En 2008 fue publicada una de las primeras antologías que recoge los escritos de poetas afrocolombianas. Desde entonces, sus voces han ido abriéndose paso en un panorama literario que históricamente las ha ignorado.
La poesía se materializó en la vida de Lyda Cristina López en forma de rebeldía. Ella es una poeta y licenciada en Educación Básica Primaria, que ha publicado libros como Partitura bajo la lluvia, Nostalgia de un tambor, y Carta para un hombre en el crepúsculo. Sus palabras resuenan en el altavoz del celular. Resuenan pausadas, suaves, como si calculara con cuidado la longitud de las ondas de su voz. Todo empezó, para ella, con la mirada. Mirar la naturaleza, mirar los conflictos políticos, y mirar, sobre todo, el papel de inferioridad y sumisión atribuido a las mujeres. Ese molde al que ella no quería ceñirse.
Pintados en el aire
los sueños navegan
sin prisa.
Cada página
se escribió con poemas
de mujeres en busca
de la libertad.
Reza el inicio de Lluvia de abril, uno de los poemas de su libro Partitura bajo la lluvia. Páginas llenas de palabras que nacen del deseo de romper el silencio, de escribir una libertad que antes era enunciada solo masculina.

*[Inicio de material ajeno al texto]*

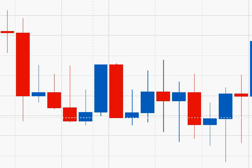Some candlesticks have no shadows on one or both ends of their body. For example, this candle opened at this price and then climbed up to this price and closed at its high price. The price never got higher than its closing price, therefore there is no upper shadow.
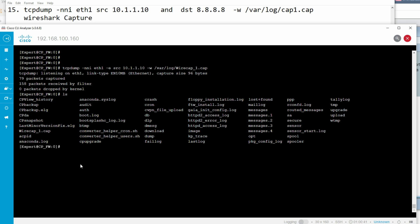In this video we have seen how to troubleshoot CheckPoint Firewall with the tcpdump command. We have played with many tcpdump options. Thanks for watching this video - have a nice day.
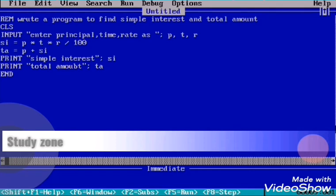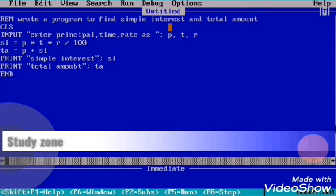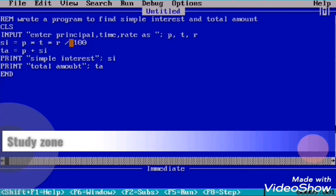We input: enter principal, time, rate as PTR. We are using three variables: small p, small t, and small r. These three variables are numeric variables that store principal, time, and rate respectively.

A finales del siglo pasado, la poeta afroamericana Audre Lorde escribía: “Para las mujeres, la poesía no es un lujo. Es una necesidad vital. Ella define la calidad de la luz bajo la cual formulamos nuestras esperanzas y sueños de supervivencia y cambio, que se plasman primero en palabras, después en ideas y, por fin, en una acción más tangible”.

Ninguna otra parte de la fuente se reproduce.